Deb Higgins was all smiles as she was voted Moose Jaw’s first female mayor Wednesday.
“(I’m) pretty excited. It was a very tight race. The numbers were very close all night long. (I) finally had a little bit of breathing room with the very last polls,” said Higgins. “It was a little tighter in some of the areas than I thought it was going to be, but you know what, the end result was wonderful and we’ve got a very good mix of experience and new people on council and (I’m) looking forward to the next four years.”
In the initial results after Wednesday evening, Higgins received 53 per cent of the votes (5,239 votes) while Fraser Tolmie received 46 per cent (4,645 votes).

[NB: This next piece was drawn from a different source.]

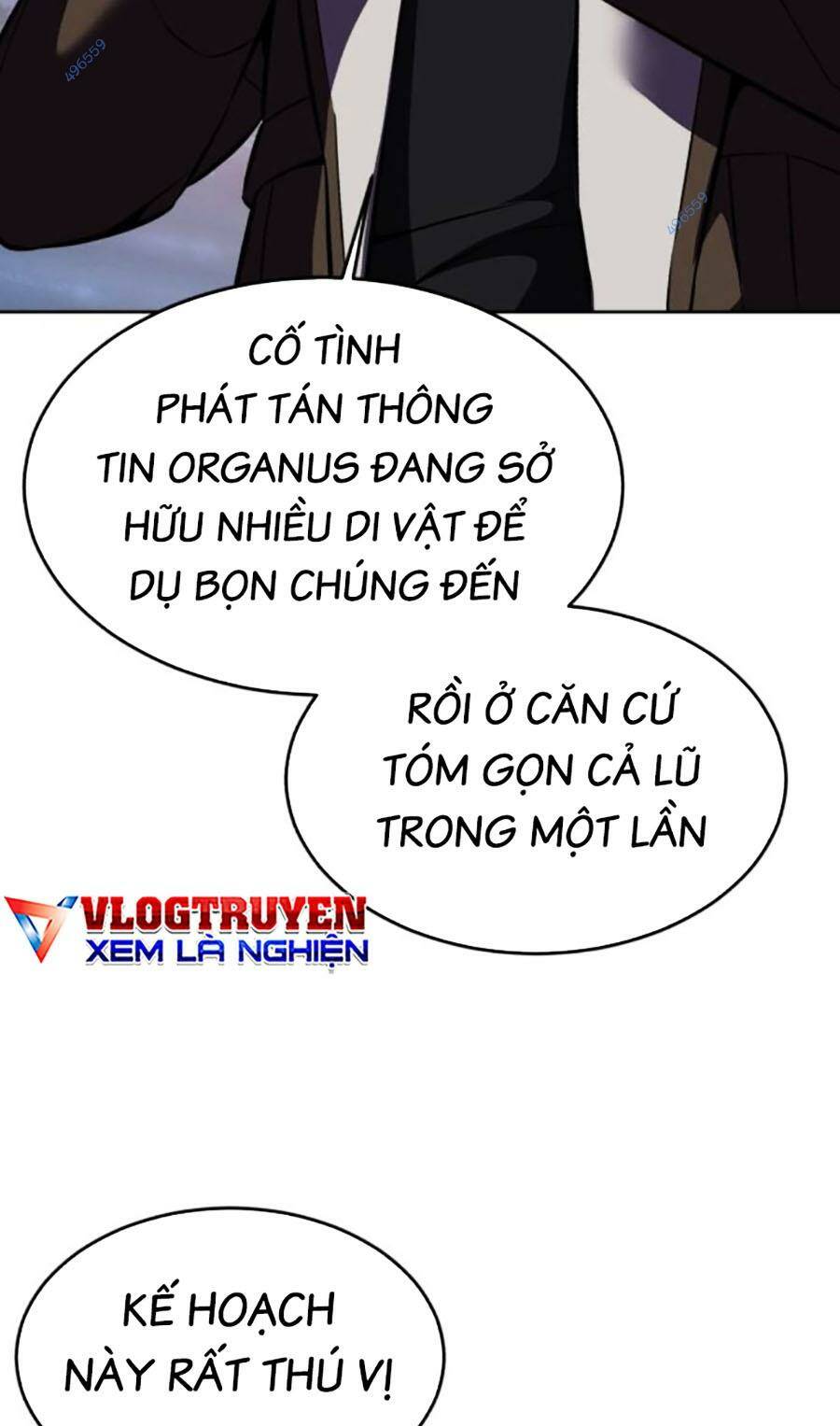 Cậu Bé Của Thần Chết Chapter 214 - Trang 2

Higgins said that being a lifelong resident of the city and her community involvement played a part in why people voted for her.
“I think also we ran a very good campaign that spoke to the issues people are concerned about with the infrastructure, with housing, made comments about Valley View,” said Higgins. “I mean, they’re all things that are important to the city of Moose Jaw and I think my campaign actually addressed a number of those issues or focused on them so that we know they’re a going to be a priority over the next four years.”
Higgins will be Moose Jaw’s 51st mayor.
She said the first thing to do is to meet with the new council and see what individual councillors’ priorities are for the next four years to establish some common ground.
This is the first council in recent history to sit for a four-year term rather than a three-year term.
“I think it actually is a good step, that it gives council a little more time to get settled in to what may be new rules and focus on long-term issues instead of just focusing every three years,” said Higgins.
“A three-year span isn’t very long when you’re talking about things like housing and infrastructure. So four years, I think, will be good.”
Fraser Tolmie, who was a member of the last council for three years, said he was expecting the race to be tight and that he was proud of the efforts he put forward in the campaign.
“One of the things that I’ve held closely to me — to my chest — with this election is that it was about honour.
“It was about honouring the people that had gone before us, that had served as city councillors, as mayor … and then honouring the decision of the citizens of Moose Jaw,” said Tolmie. “I respect that. I’m excited. This city is going to move forward and I respect Deb Higgins and I just look forward to her working with this new council and seeing good things coming down the line.”
He didn’t feel anything went wrong, but rather things went right because he worked hard. He added he didn’t “even notice that there was only a couple hundred votes between us.”
When asked if he thought his negative campaign cost him votes, Tolmie said, “I tried to remain fact-based. I always asked myself the tough questions and if I can ask myself the tough questions, I should be able to ask other people the tough questions.
“Politics is a results-based businesss … I am very proud of what I’ve done and what I’ve achieved.”